The function 'generate_categorical_graph' combines the generation
of the adjacency matrix and conditional distributions.
"""
import random
import string
import sys
from random import shuffle

import networkx as nx
import numpy as np
import torch

sys.path.append("../")

from causal_graphs.graph_definition import CausalDAG, CausalVariable
from causal_graphs.graph_utils import edges_to_adj_matrix
from causal_graphs.variable_distributions import get_random_categorical


def graph_from_adjmatrix(variable_names, dist_func, adj_matrix, latents=None):
    """
    Creates a CausalDAG object from an adjacency matrix.

    Parameters
    ----------
    variable_names : list[str]
                     List of names that the variables should have. Used for visualization and
                     internal communication between variables. No two variables should have
                     the same name.
    dist_func : (list[str],name) -> ProbDist
                Function for generating the probability distribution. It should take as input a
                list of the variables names representing the parents, and the name of the variable
                to model. As output, it is expected to give a ProbDist object.
    adj_matrix : np.ndarray, shape [num_vars, num_vars], type np.bool
                 Numpy array representing the adjacency matrix between the variable.
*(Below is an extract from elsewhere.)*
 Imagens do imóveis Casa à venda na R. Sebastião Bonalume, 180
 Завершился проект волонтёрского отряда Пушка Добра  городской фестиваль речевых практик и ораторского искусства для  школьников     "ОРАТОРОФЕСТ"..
An entry (i,j)
                 being true represents the edge X_i->X_j.
    latents : None / np.ndarray, shape [num_latents, 3], type np.int32
              Numpy array representing latent variables. For each row, the first entry is the variable
              index of the latent confounder, and the other two the children of the confounder. If no
              latent confounders exists, use "None" as input.
    """
    variables = []
    for v_idx, name in enumerate(variable_names):
        parents = np.where(adj_matrix[:, v_idx])[0]
        prob_dist = dist_func(
            input_names=[variable_names[p] for p in parents], name=name
        )
        var = CausalVariable(name=name, prob_dist=prob_dist)
        variables.append(var)

    graph = CausalDAG(variables, adj_matrix=adj_matrix, latents=latents)
    return graph


def graph_from_edges(variable_names, dist_func, edges, latents=None):
    """
    Same as graph_from_adjmatrix, just with edges instead of an adjacency matrix.
    """
    adj_matrix = edges_to_adj_matrix(edges, len(variable_names))
    return graph_from_adjmatrix(variable_names, dist_func, adj_matrix, latents=latents)


def generate_random_graph(
    variable_names,
    dist_func,
    edge_prob,
    connected=False,
    max_parents=-1,
    num_latents=0,
    **kwargs
):
    """
    Generates a graph structure which follows the 'random' graph structure. In this,
    nodes are randomly connected.

    Parameters
    ----------
    variable_names : list[str]
                     List of names that the variables should have. Used for visualization and
                     internal communication between variables. No two variables should have
                     the same name.
    dist_func : (list[str],name) -> ProbDist
                Function for generating the probability distribution. It should take as input a
                list of the variables names representing the parents, and the name of the variable
                to model. As output, it is expected to give a ProbDist object.
    edge_prob : float
                Probability that two arbitrary nodes have an edge between each other.
    connected : bool
                If True, it is ensured that the graph is one, connected graph independent of the edge
                probability. This means that ignoring the edge directions, every node can be reached
                from any other.
    max_parents : int
                  Maximum number of parents that a node is allowed to have. If the argument is negative,
                  the maximum is unlimited.
    num_latents : int
                  Number of latent confounders that should randomly be added to the graph.
    """
    shuffle(variable_names)  # To have a random order
    num_vars = len(variable_names)

    # Generate random adjacency matrix with specified edge probability
    adj_matrix = np.random.binomial(n=1, p=edge_prob, size=(num_vars, num_vars))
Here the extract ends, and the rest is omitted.